La Casa Santa dell'Annunziata offriva un servizio di deposito già dal tardo 400, ma la sua natura di banco pubblico fu riconosciuta nel 1587. Il Banco aveva la funzione di supportare le attività della Casa Santa. In realtà si trasformò in uno dei maggiori banchi del Regno e la sua gestione si distanziò man mano dagli obiettivi di tutela e cura degli Espositi. Nel 1702 il banco falli e chiuse i battenti. La sua sede fu sempre contigua a quella della chiesa dell'Annunziata. Il Banco del Popolo nacque per sostenere le attività della Casa Santa di Santa Maria del Popolo e dell'annesso ospedale degli Incurabili. Il principale compito del banco fu dunque quello di supportare finanziariamente il funzionamento dell'ospedale.

Il Banco di Sant'Eligio era collegato alla Casa Santa e Ospedale di Sant'Eligio. La sua finalità era quella di sostenere il funzionamento dell'ospedale e, trovandosi contiguo all'omonima basilica in Piazza Mercato, sostenere la comunità di mercanti e artigiani della zona. La sua gestione si caratterizzava per prevedere nel governo del banco un rappresentante dell'arte dei calzolai, a simbolo della partecipazione del certo mercantile e artigiano nella guida dell'istituto. Il Banco dello Spirito Santo, invece, nasce dall'azione della confraternita dei Bianchi, il cui principale compito divenne quello dell'assistenza alle giovani orfani o «pericolanti», cioè a rischio di condizione peccaminosa. 

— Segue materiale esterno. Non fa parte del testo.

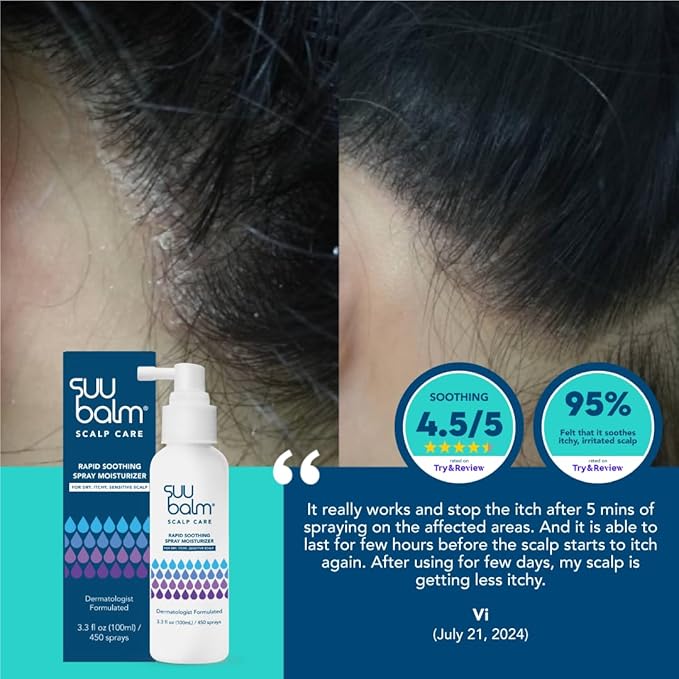 Rapid Itch Relief Anti-Dandruff Scalp Spray Moisturizer, Dry Scalp Spray, Cooling Itchy Scalp Treatment for Flaky Sensitive & Psoriasis, Derm-Formulated. Menthol & 5 Ceramides, 1.35 fl oz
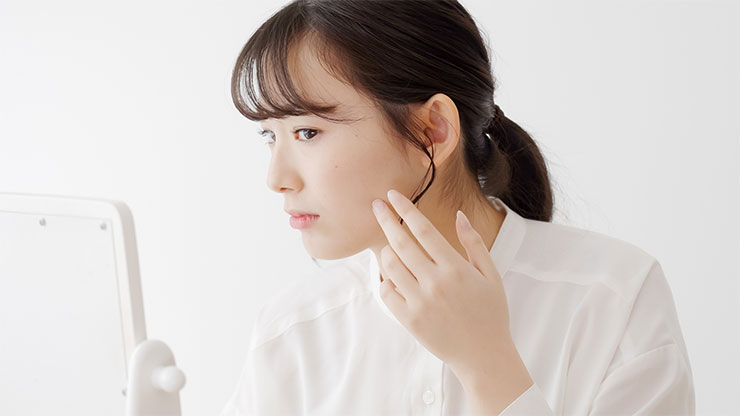 ニキビに悩む女性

Secoli di storia prendono forma e vita nel cortile di palazzo Ricca, in una singolare e straordinaria contaminazione di religiosità e tradizione popolare, con la ricostruzione puntuale di ogni dettaglio architettonico dell'edificio o del luogo dove operavano i banchi. Scene di vita quotidiana che fanno da corollario a quella della Natività con la Sacra Famiglia al riparo sotto il portale del Palazzo Ricca. Debito omaggio all'attuale sede della Fondazione Banco di Napoli che ospita il teatro a cielo aperto della nostra memoria.